Finally, not all functions require us to use yield; only the ones that generate a custom sequence of data do. For map() or filter(), we use return to return a value for every single element in the RDD we're running the functions on.

In [None]:
def hamlet_speaks(line):
    id = line[0]
    speaketh = False
    
    if "HAMLET" in line:
        speaketh = True
    
    if speaketh:
        yield id,"hamlet speaketh!"

hamlet_spoken = split_hamlet.flatMap(lambda x: hamlet_speaks(x))
hamlet_spoken.take(10)

### flatMap() is different than map() because it doesn't require an output for every element in the RDD.

The flatMap() method is useful whenever we want to generate a sequence of values from an RDD.

In this case, we want an RDD object that contains tuples of the unique line IDs and the text "hamlet speaketh!," but only for the elements in the RDD that have "HAMLET" in one of the values. We can't use the map() method for this because it requires a return value for every element in the RDD.

let's use a filter() with a named function to extract the original lines where Hamlet spoke. The functions we pass into filter() must return values, which will be either True or False.

In [None]:
def filter_hamlet_speaks(line):
    return "HAMLET" in line

hamlet_spoken_lines = split_hamlet.filter(lambda line: filter_hamlet_speaks(line))
hamlet_spoken_lines.take(5)

### Spark has two kinds of methods, transformations and actions. 

While we've explored some of the transformations, we haven't used any actions other than take()

Whenever we use an action method, Spark forces the evaluation of lazy code. If we only chain together transformation methods and print the resulting RDD object, we'll see the type of RDD (e.g. a PythonRDD or PipelinedRDD object), but not the elements within it. That's because the computation hasn't actually happened yet.

Whenever we use an action method, Spark forces the evaluation of lazy code. If we only chain together transformation methods and print the resulting RDD object, we'll see the type of RDD (e.g. a PythonRDD or PipelinedRDD object), but not the elements within it. That's because the computation hasn't actually happened yet.

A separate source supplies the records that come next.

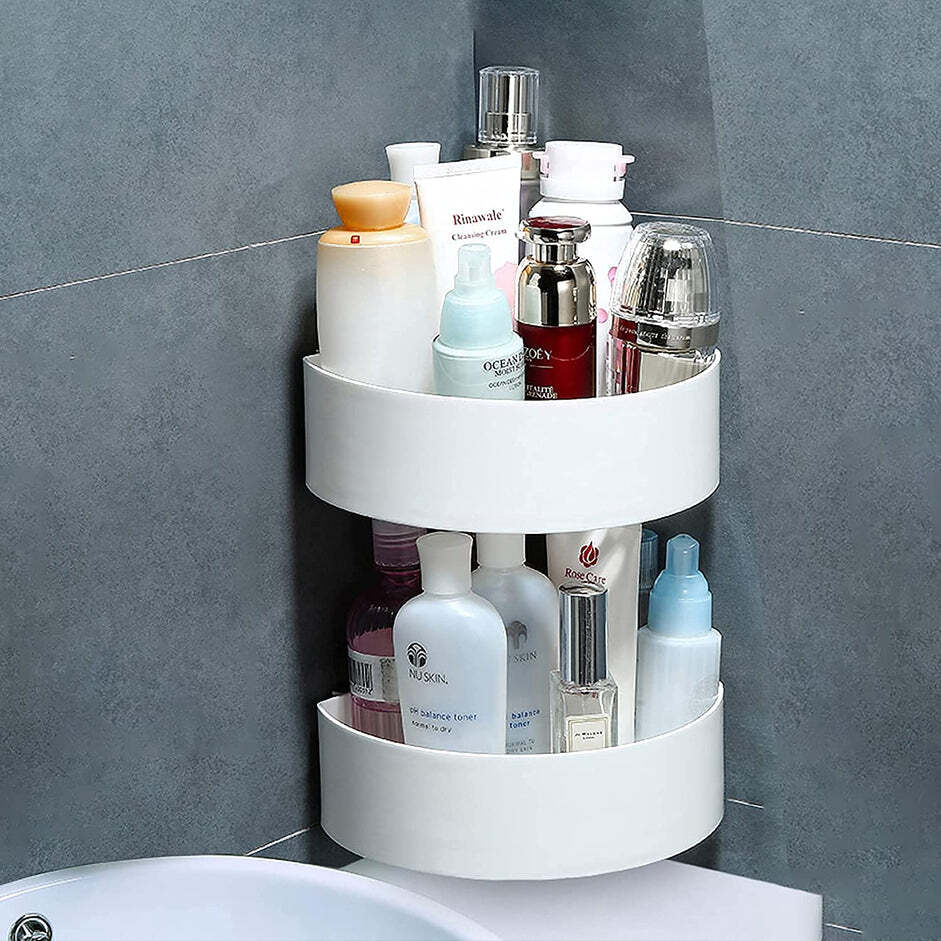 4033 CORNER SHELF BATHROOM KITCHEN RACK SELF ADHESIVE SHOWER CADDY PLASTIC TRIANGLE WALL MOUNT STORAGE BASKET (4033)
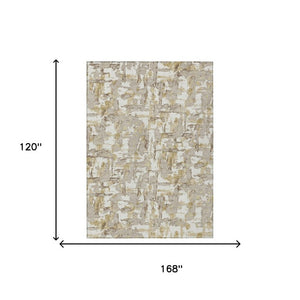 10 X 14 Abstract Ivory Beige Polyester Area Rug Stain Resistant Indoor Outdoor
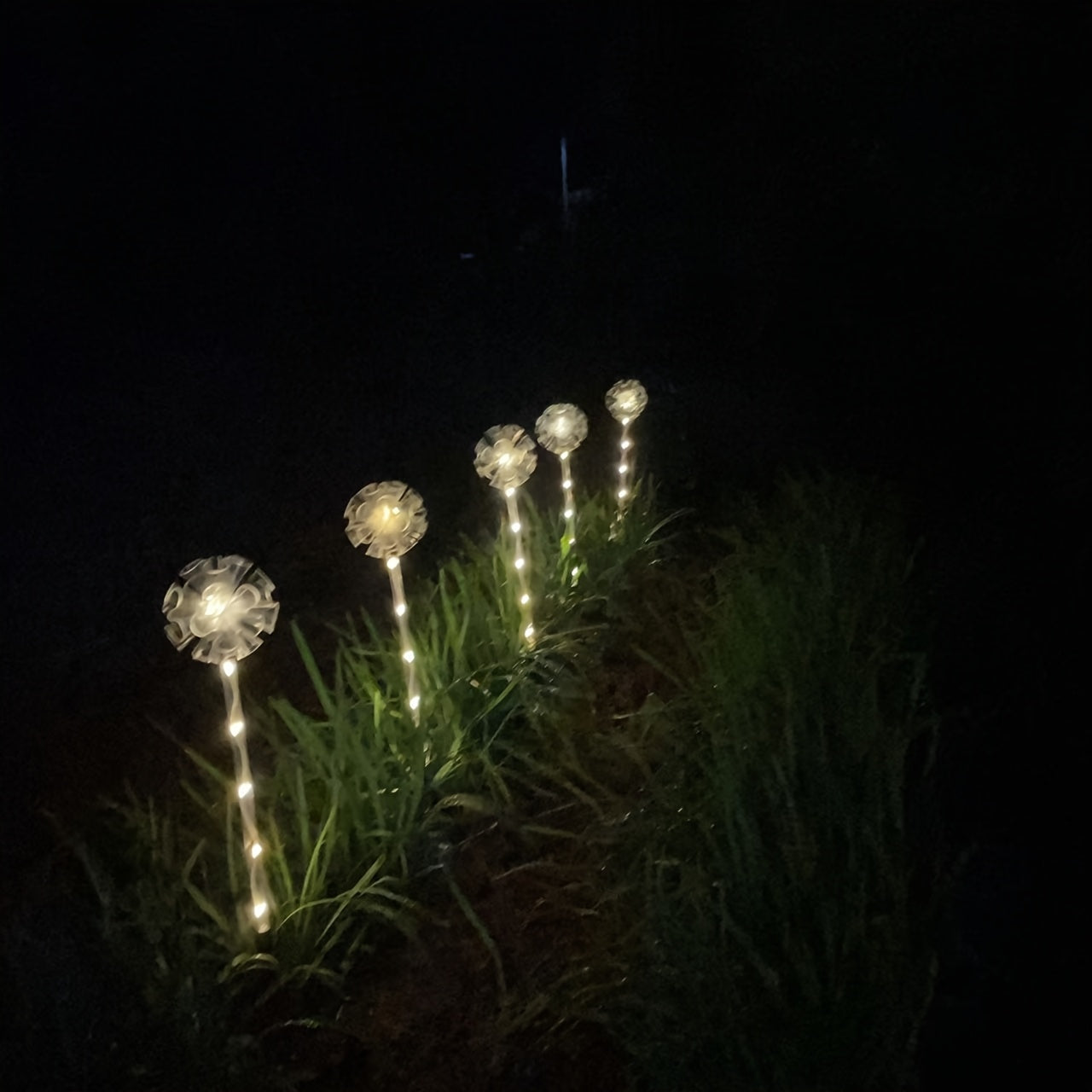 Solar Transparent Tube Five-in-One Hydrangea Ground Stake Light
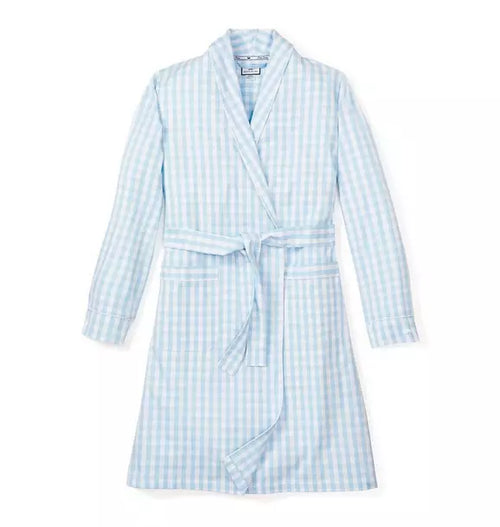 Women's Light Blue Gingham Robe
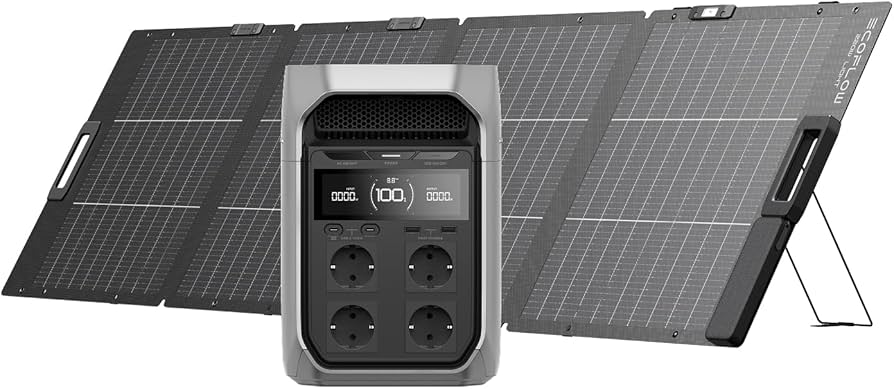 קיט תחנת כח ניידת EcoFlow DELTA 3 Max Plus + פאנל סולארי מתקפל ECOFLOW 220W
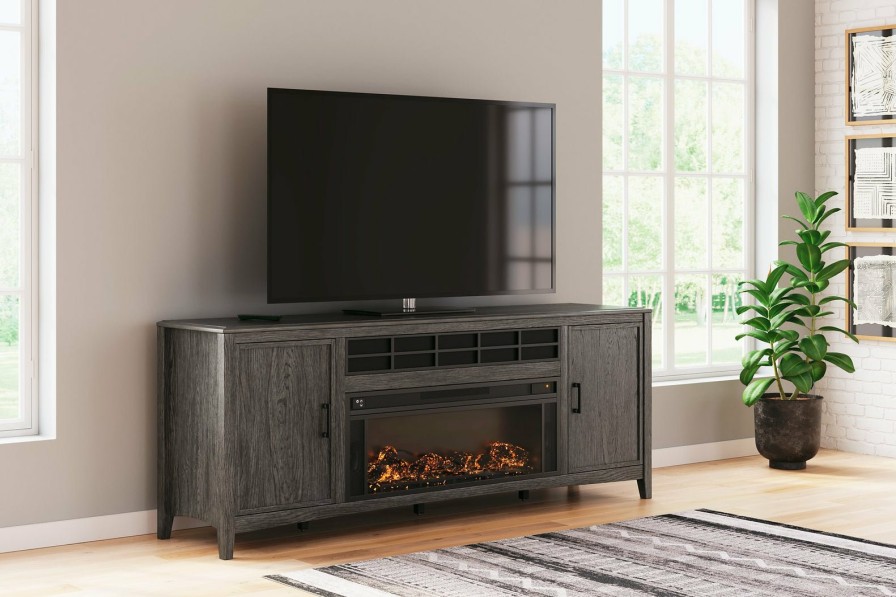 Entertainment Ashley Furniture | Montillan 84" Tv Stand With Electric Fireplace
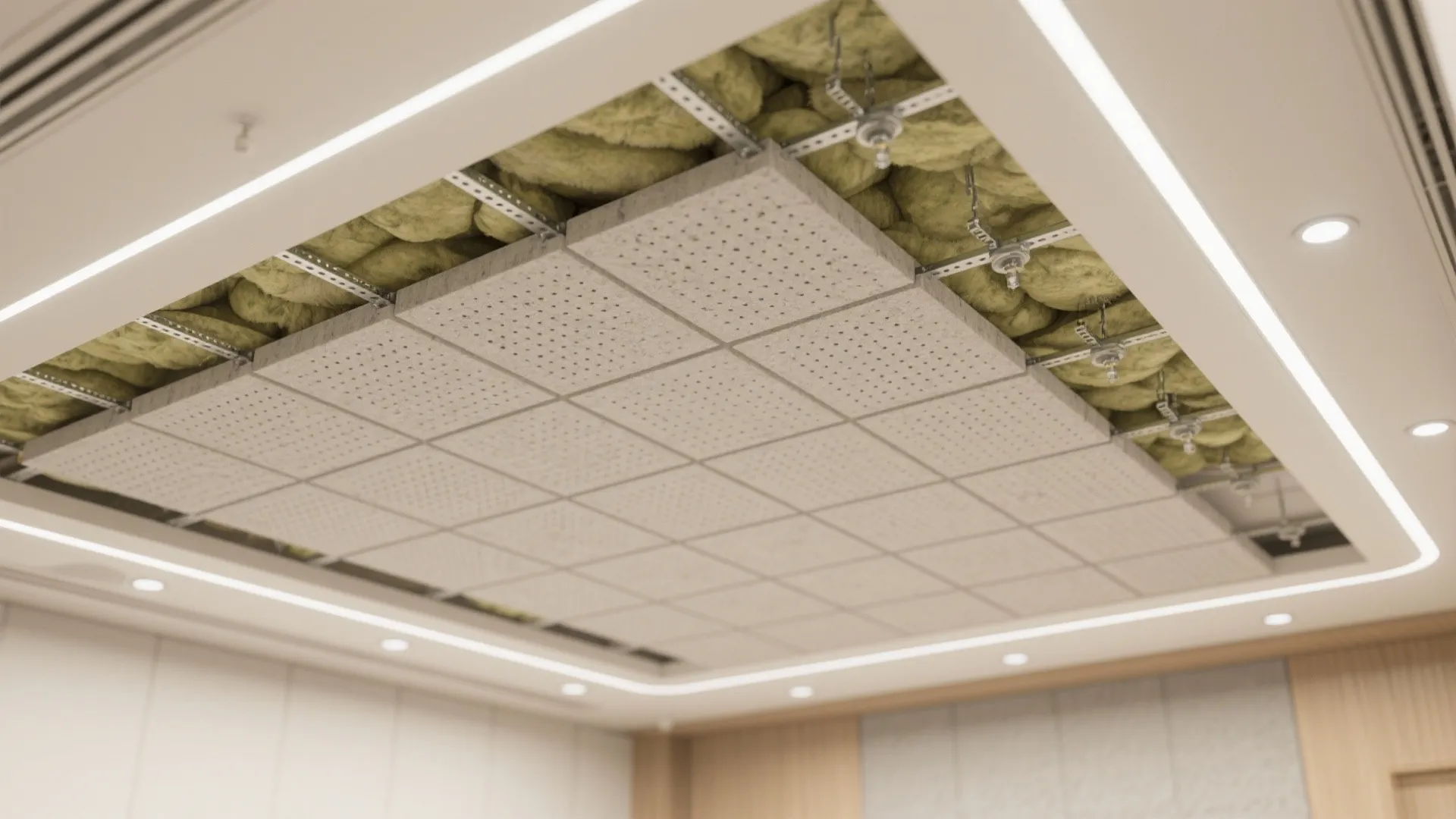 Acoustic Cement Panels with Integrated Lighting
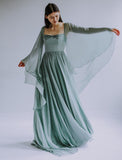 Muted Green A Line Long Sleeve Chiffon Prom Dress Party Dress HZ1023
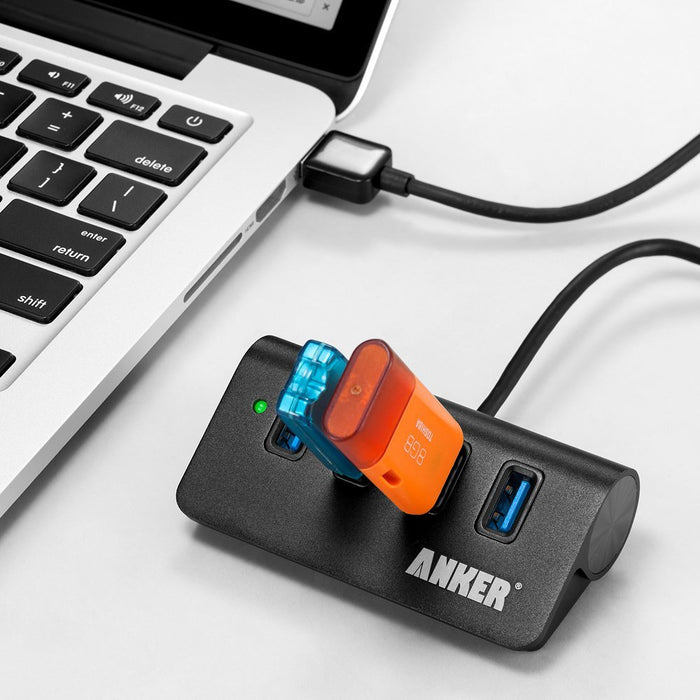 Anker® 4-Port Portable Aluminum Hub with 2-Foot USB 3.0 Cable Carbon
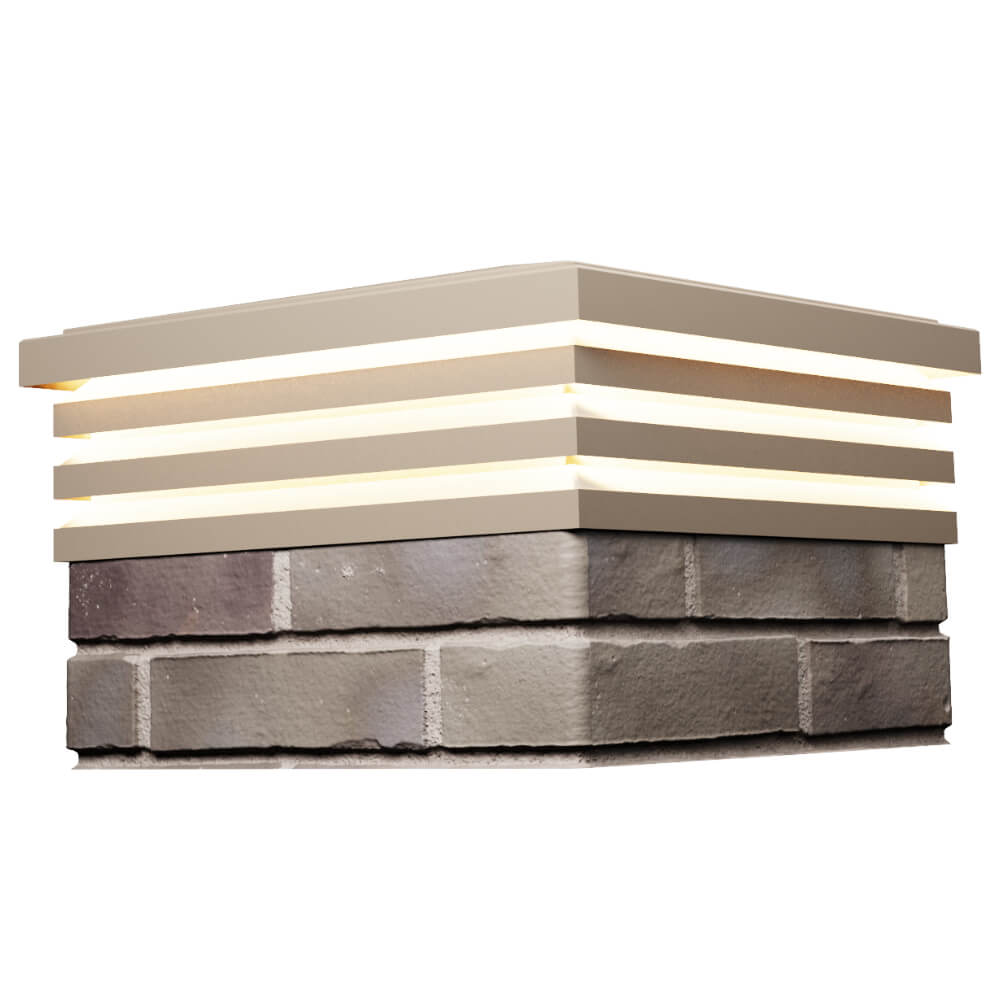 Колпак Zking Бона ХайТек Бежевый на столб 1.5х1.5 кирпича (385х385мм) с подсветкой в Бирске фото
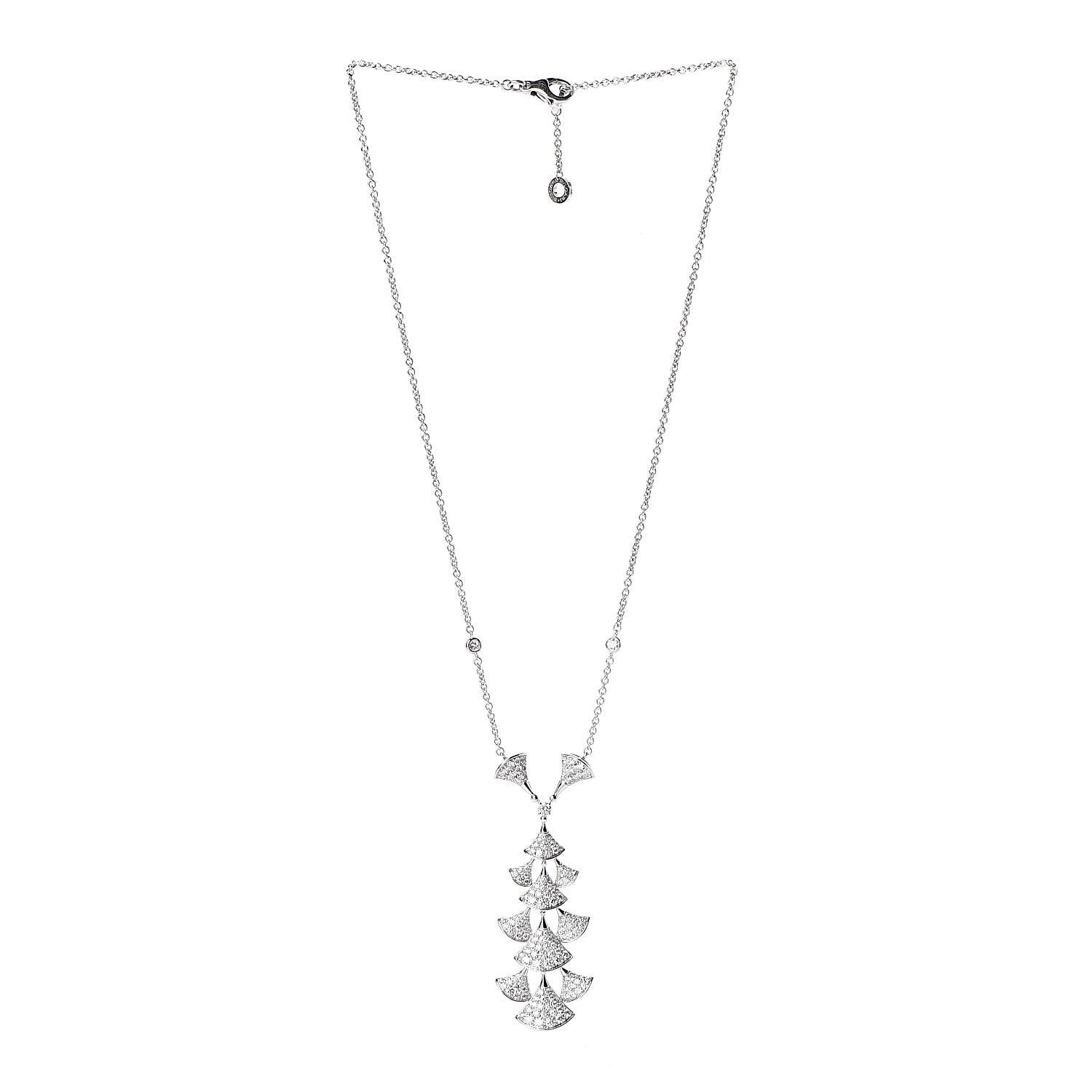 Bulgari 18K White Gold Diamond Diva's Dream Pendant Necklace 4 of 6
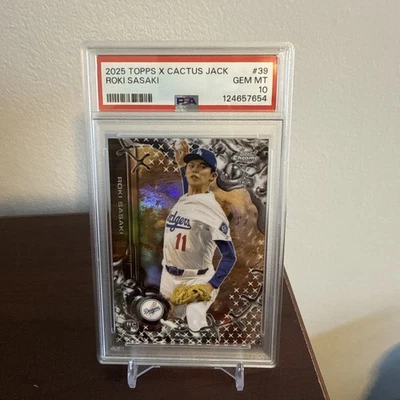 2025 Topps Chrome x Cactus Jack Roki Sasaki RC Rookie #39 Dodgers PSA 10 - Image 1 of 2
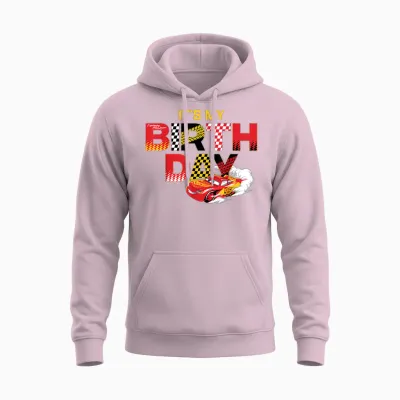 Disney & Pixar's Cars It's My Birthday Lightning Mcqueen Unisex Hoodie - Light Pink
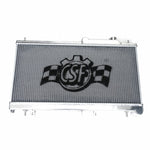 Polished 2-row aluminum performance radiator with TIG-welded tanks and CNC-machined mounting brackets.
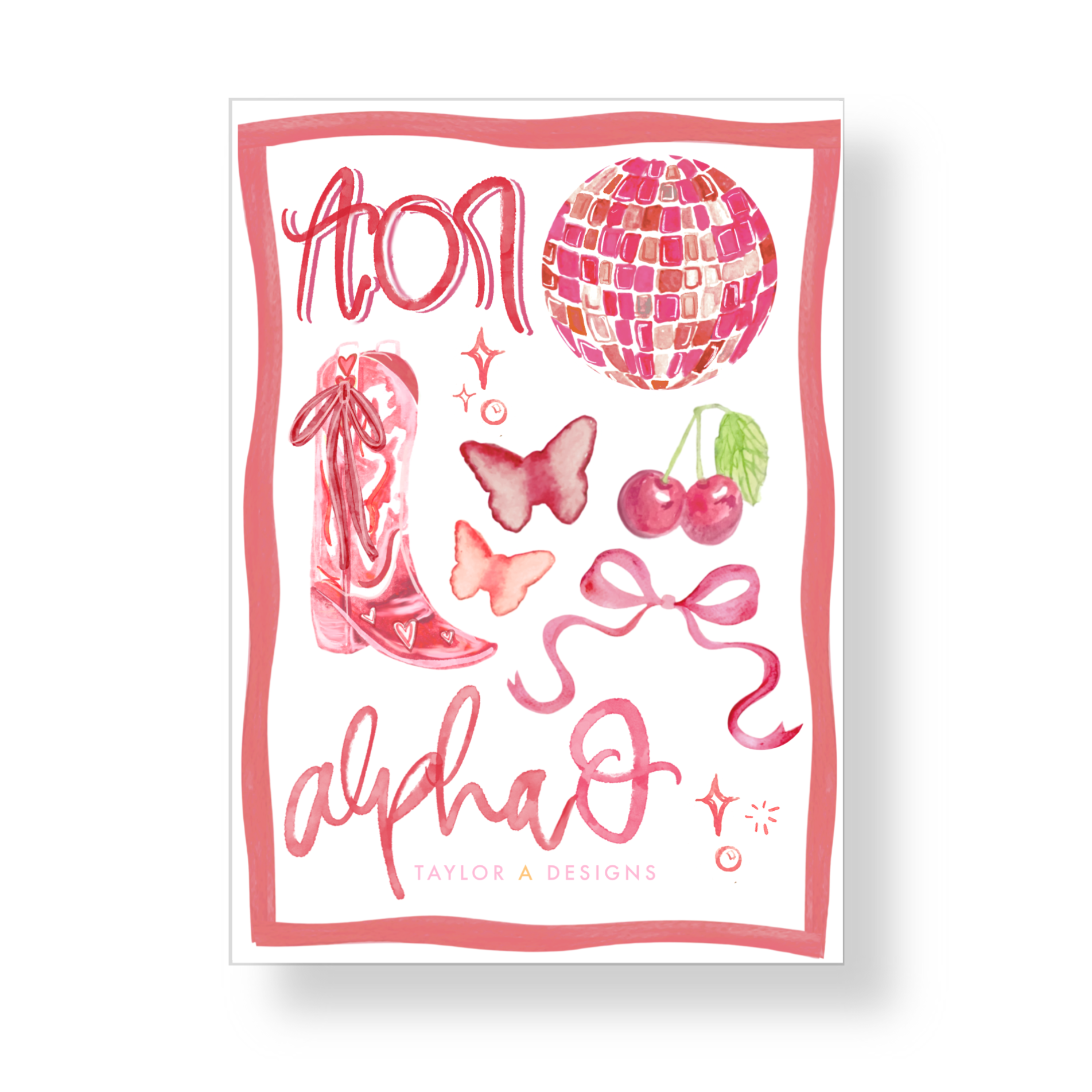 Alpha Omicron Pi Sticker Sheet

Even though Spark simplifies chaining lots of transformations together, it's good practice to use actions to observe the intermediate RDD objects between those transformations. This will let you know whether your transformations are working the way you expect them to.

### Count()

The count() method returns the number of elements in an RDD. count() is useful when we want to make sure the result of a transformation contains the right number of elements.

In [None]:
hamlet_spoken_lines.count()

### Collect()

We've used take() to preview the first few elements of an RDD, similar to the way we've use head() in pandas. But what about returning all of the elements in a collection? We need to do this to write an RDD to a CSV, for example. It's also useful for running some basic Python code over a collection without going through PySpark

Running .collect() on an RDD returns a list representation of it.

In [None]:
hamlet_spoken_lines.collect()

In [None]:
spoken_101 = list(hamlet_spoken_lines.collect())[100]
spoken_101